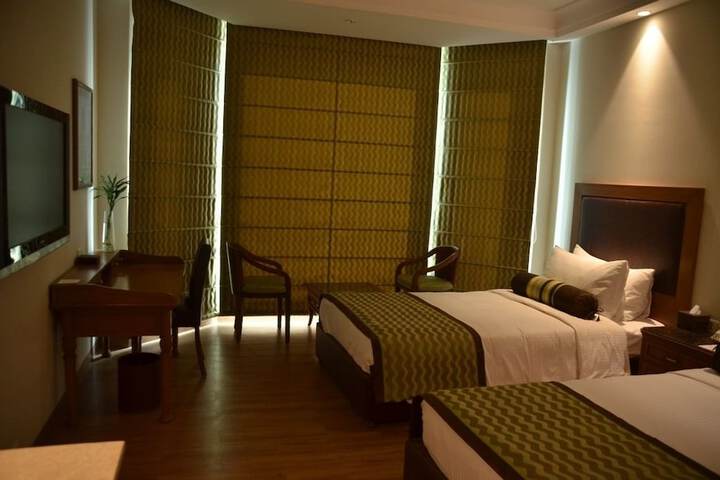 Room 7 of 30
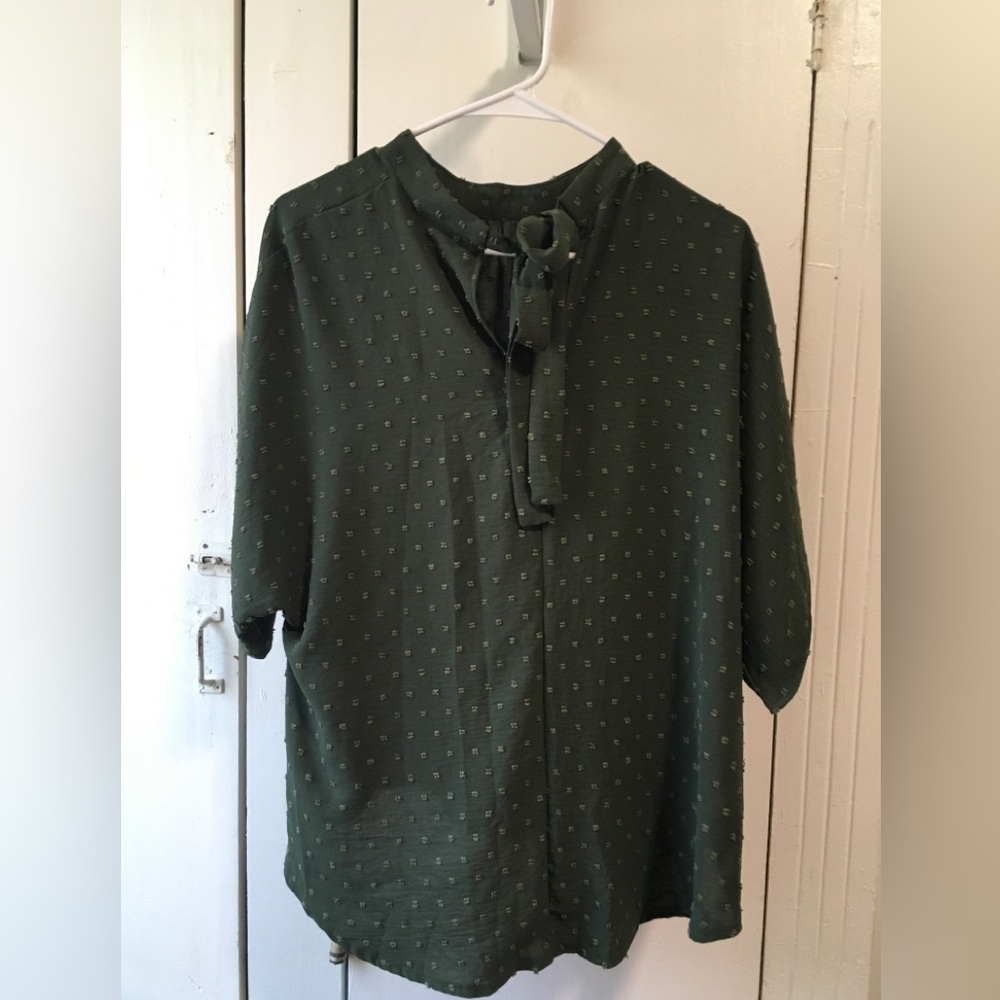 SHEIN Dark Green Textured Men's Shirt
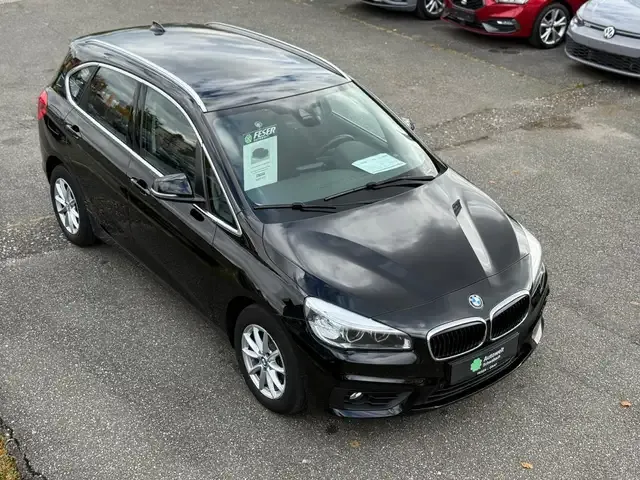 BMW 216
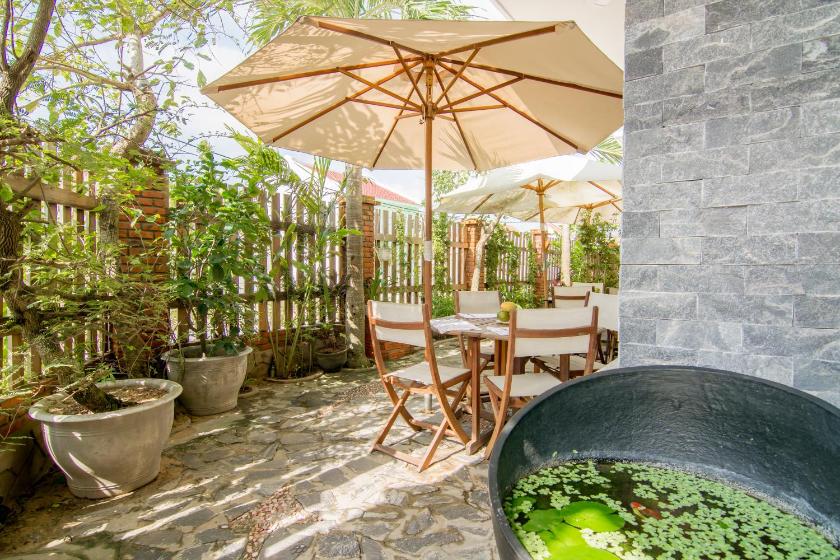 Phòng Deluxe Giường Đôi Có Ban Công Phòng Deluxe Giường Đôi Có Ban Công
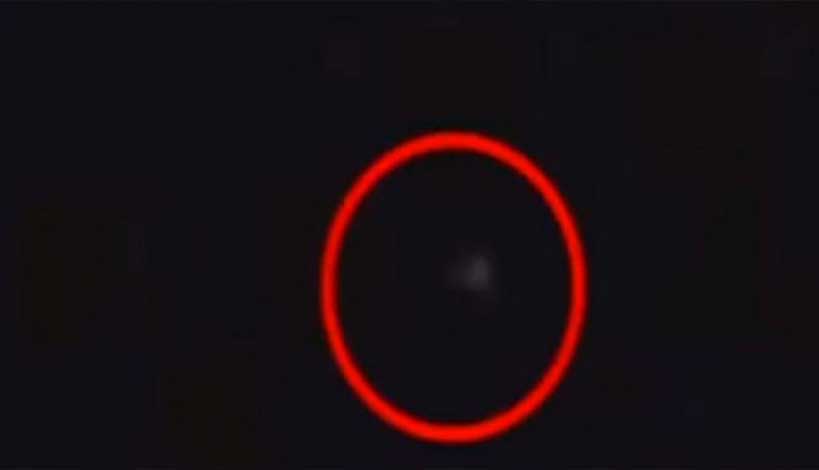 UFO στην Κω; - Τι είναι η Φωτεινή «σφαίρα» που εμφανίστηκε στο ουρανό μετά τον μεγάλο σεισμό! BINTEO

## ABOUT THIS TASK
Repeat the listing above in full, exactly, and omit its pictures.

## TASK ANSWER
 Room 7 of 30
 SHEIN Dark Green Textured Men's Shirt
 BMW 216
 Phòng Deluxe Giường Đôi Có Ban Công Phòng Deluxe Giường Đôi Có Ban Công
 UFO στην Κω; - Τι είναι η Φωτεινή «σφαίρα» που εμφανίστηκε στο ουρανό μετά τον μεγάλο σεισμό! BINTEO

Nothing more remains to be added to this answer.